Carrey's made a specialty of disturbed people, and he's good at it. Check out Eternal Sunshine Of The Spotless Mind, Me, Myself & Irene and The Cable Guy. Darkness slides easily onto his sunny features.
That sunny side is used well here. Carrey has lots of chemistry with Logan Lerman as his son and Virginia Madsen (Sideways), excellent as always, in the thankless role of the wife.
But Carrey and Madsen seem to be having a lot more fun in the scenes from the novel-of-doom, where he's a sleuth and she's a femme fatale. They're both slightly over-the-top in a way that gives life to those scenes' overheated atmosphere.
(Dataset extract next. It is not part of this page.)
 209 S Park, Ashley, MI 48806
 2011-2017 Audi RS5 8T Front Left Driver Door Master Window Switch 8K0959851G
Sadly, Carrey never gets his darkness into high gear in the rest of the film, which weakens the tension.
That atmosphere - graveyard gothic and private-eye noir - is the most effective aspect of the movie and the one that best matches the pulp content. But director Joel Schumacher (Batman Returns) lets the energy flag whenever we return to reality and, worse, we're never really persuaded that Carrey is the victim of mystic forces.
It's too bad, because buried in the premise is a wonderful concept that's either on the cutting edge of Darwinian philosophy or weird science at its wackiest: memes, hypothesized units of human evolution that spread from mind to mind as words, phrases or images.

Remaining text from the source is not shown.